REQUIRED ACTION => In the data below, locate the line containing "BeadsBalzar Beads &" and the line containing "Motorola Moto Moto", then retype both and everything between them exactly. Pictures are not part of the copy.

GIVEN RECORDS =>

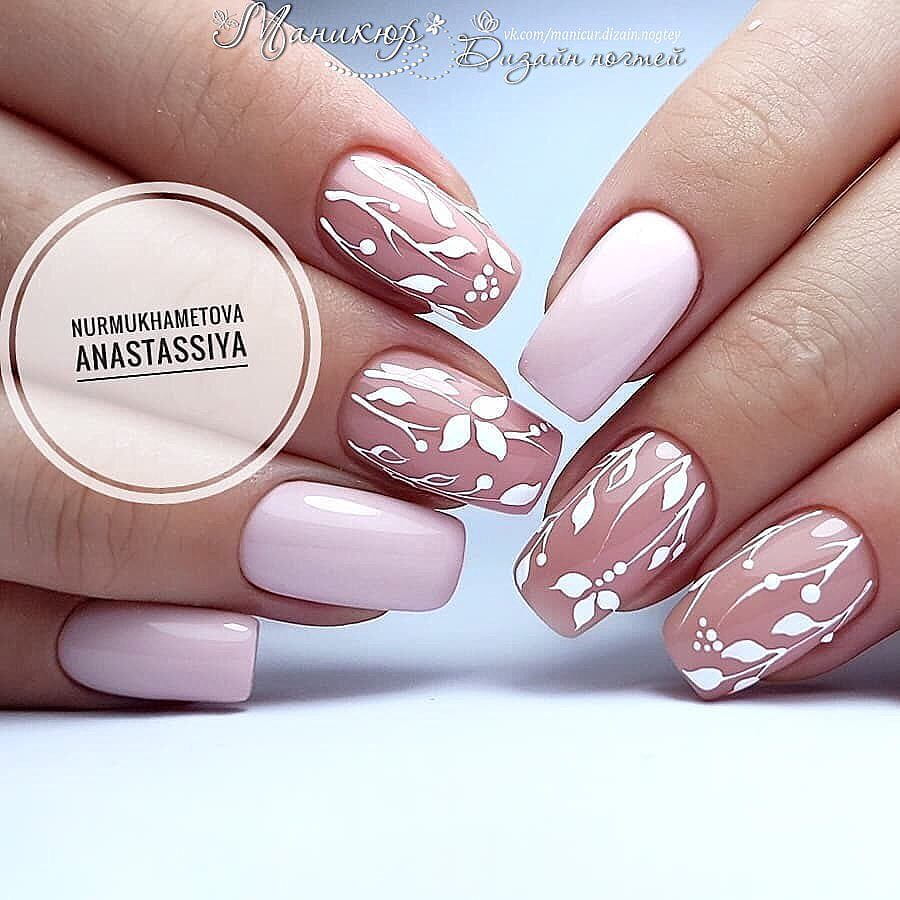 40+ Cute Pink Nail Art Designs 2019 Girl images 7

---

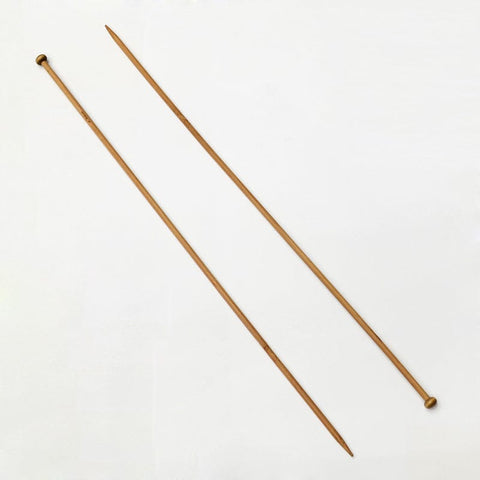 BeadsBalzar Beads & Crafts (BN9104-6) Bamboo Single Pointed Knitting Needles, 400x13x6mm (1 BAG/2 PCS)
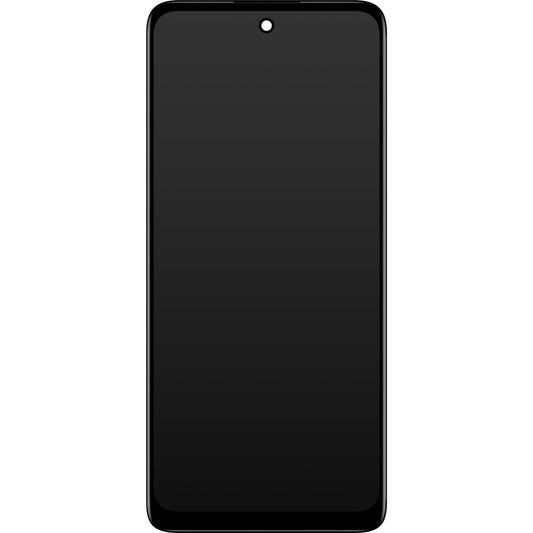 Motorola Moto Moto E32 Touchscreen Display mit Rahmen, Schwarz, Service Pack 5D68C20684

OUTPUT =>
 BeadsBalzar Beads & Crafts (BN9104-6) Bamboo Single Pointed Knitting Needles, 400x13x6mm (1 BAG/2 PCS)
 Motorola Moto Moto E32 Touchscreen Display mit Rahmen, Schwarz, Service Pack 5D68C20684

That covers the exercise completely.